Hello all, I have a quick question; I have always left my ltscale @ 1, but I ran a cross this question on a test.
"What is the Ltscale fact for a drawing plot size=200x150 and limits=(0.00,0.00) (600.00,450.00)
on the test it is multiplt chose 2, 3, 4 and UCSVP
I don't want the answer just how do I figuare ltscalt factor?
Solved! Go to Solution.
No option for 1 (and that is the magical number that evrybody used)
2, 4, ucsvp don't make any sense.
Limits is 3 times the drawing plot size so I picked 3
Will it be the correct answer? I don't know.
If you have a drawing in model space that is 600 x 450 and your going to plot 200 x 150 your LTScale should be set at 3.
E.g. your plot size is 3 x the Limits size.
This test question must be very old because I haven't needed to use LTScale in a long time.
And is there still anyone out there who uses or sets Limits ???
For more recent versions of Autocad you're best to set your LTScale at 1, set your PSLTScale at 1 and set the MSLTScale variable to 1.
Once you have these settings you'll never have to reset LTScale again as your dashed and center linetypes will always show correct in both model and paper space.
..also make sure CELTSCALE is 1...
I'm using ACAD 13 and I've used 12, 10 etc. I have never gotten my ltscale to work correctly set at one. It's usually so difficult to find the right setting I switch to acrmap or something else if I have a lot of line types. I've seen this answer quite often, is there a variable or something I'm missing?
ltscale = 1
msltscale = 1
If you use those settings your linetypes should display pretty good.

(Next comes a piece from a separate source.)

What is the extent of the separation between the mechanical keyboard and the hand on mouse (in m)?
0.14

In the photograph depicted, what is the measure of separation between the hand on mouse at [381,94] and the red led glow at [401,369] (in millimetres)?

You should also never have to reset them when switching from model to paperspace.
Personally, I have LTScale at 0.5 as I like my hidden, dashed and centerline closer spaced.
That's just personal preference.
All I get is a continuous line. Does it have anything to do with then number of vertex on the line? They are always lwpolylines too, could that be it? Any suggestions would help, I've been trying to figure out why this doesn't work for me for a long time.